Bravo Hits 56 – Störerhaftung oder Wahndelikt?

Mein Mandant erhielt eine Abmahnung. Nein, nicht weil er Musik oder Filme über Bit Torrent weiterverbreitet haben soll. Sondern weil er eine stinknormale „Bravo Hits 56“ CD über eBay zum Kauf angeboten hat. Man sollte meinen, mit dem Vertrieb von ordnungsgemäß in den Handel gebrachten Musik-CDs könne ein Urheberrechtsverstoß ausgeschlossen werden. Weit gefehlt: Auf diesem Sampler befindet sich offenbar eine Aufnahme des, nun ja, „Künstlers“ Bushido. In dieser Aufnahme befinden sich jedoch Samples, Tonschnipsel von anderen Künstlern, und die fanden die unerlaubte Verwendung ihrer Musik durch Bushido so lustig, dass sie ihm und seiner Musikfirma vor dem Landgericht ihre Begeisterung darüber mitgeteilt haben. Außerdem wurde eine Anwaltskanzlei damit beauftragt, die betroffenen CDs aus dem Markt zu ziehen.

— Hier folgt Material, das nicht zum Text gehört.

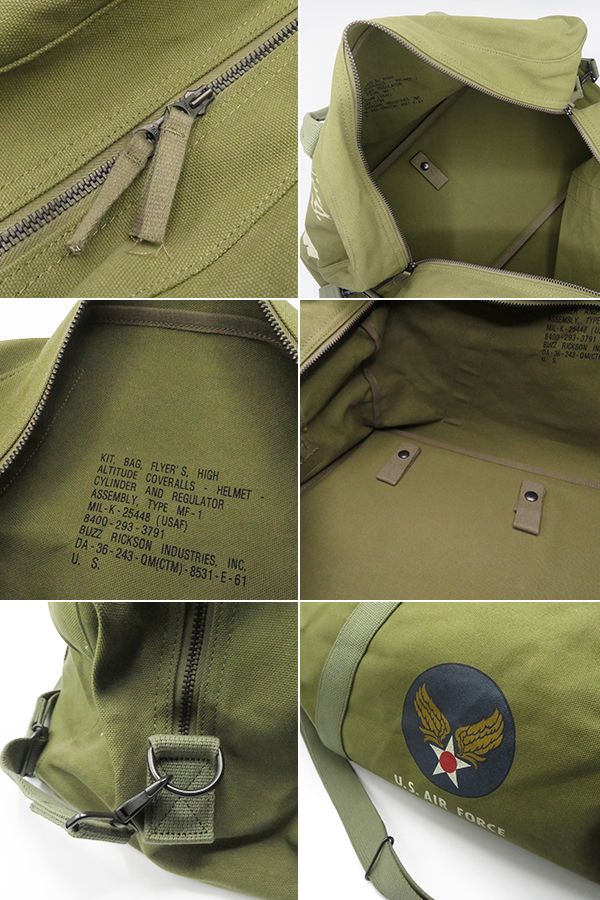 BUZZ RICKSONS バズリクソンズ へヴィーキャンバス|キット・バッグ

Davon konnte mein Mandant natürlich nichts wissen, und deshalb reagierte er sehr perplex auf das Abmahnschreiben, in dem man ihm nun den Vertrieb der CD vorwirft und ihn auffordert, fast 1.500 EUR an Anwaltsgebühren für die Abmahnung zu erstatten. Denn die abmahnende Kanzlei vertritt natürlich jedes Bandmitglied und berechnet entsprechende Erhöhungsgebühren gem. Nr. 1008 VV RVG.

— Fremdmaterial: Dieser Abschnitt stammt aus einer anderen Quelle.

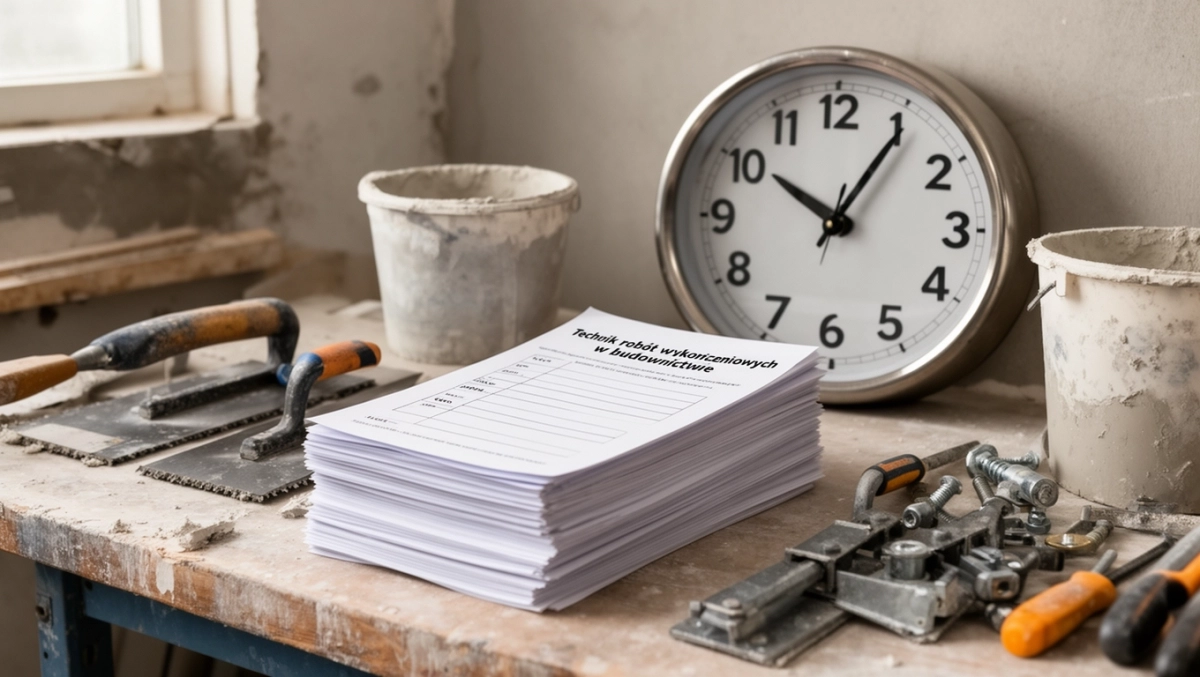 Technik robót wykończeniowych w budownictwie egzamin zawodowy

Ich habe meinem Mandanten geraten, keinen Cent zu zahlen. Denn der Anspruch wird auf Störerhaftung gestützt. Als Störer haftet er aber nur, wenn er Prüf- und Sorgfaltspflichten verletzt hat. Und da fällt mir beim besten Willen keine Pflicht ein, die mein Mandant verletzt haben könnte. Hätte er sich vor dem Anbieten der Bravo Hits für jeden darauf enthaltenen Song vergewissern sollen, dass dieser keine Rechte irgendwelcher Dritter verletzt? Wenn man noch nicht einmal mehr CDs, die man zuvor ordnungsgemäß im Fachhandel oder auf amazon.de selbst erworben hat weiterverkaufen darf, ohne eine Inanspruchnahme als Störer befürchten zu müssen, dann weiß ich es auch nicht mehr. Die gegnerischen Anwälte berufen sich auf ein Urteil, dass in einem „ähnlichen Fall“ ergangen sei, fügen dies aber wohlweislich nicht bei. Vielleicht war dieser Fall ja auch gar nicht so „ähnlich.“

Wieder einmal aber zeigt sich: Es gibt nichts, was es nicht gibt.

9 Antworten

  1. Es wäre von Interesse, welcher Gegenstandswert hier zugrunde gelegt wurde (oder wie viele Bandmitglieder das sind): Bei den „Upload-Fällen“ liegt das Problem doch darin, dass einer potentiell unbegrenzten Zahl von Personen ein urheberrechtlich geschützes Werk zur Verfügung gestellt wird. Hier könnte die CD aber überhaupt nur einmal unter (behaupteter) Verletzung des Urheberrechts in den Verkehr gebracht werden. Schaden: Die Lizenzgebühr für den Vertrieb einer CD. Über Gebühren i.H.v. € 58,50 pro Person + 1 x 7002 RVG komme ich da gar nicht hinaus. Um auf € 1.500,00 zu kommen, bräuchte ich also rund 25 Anspruchsteller.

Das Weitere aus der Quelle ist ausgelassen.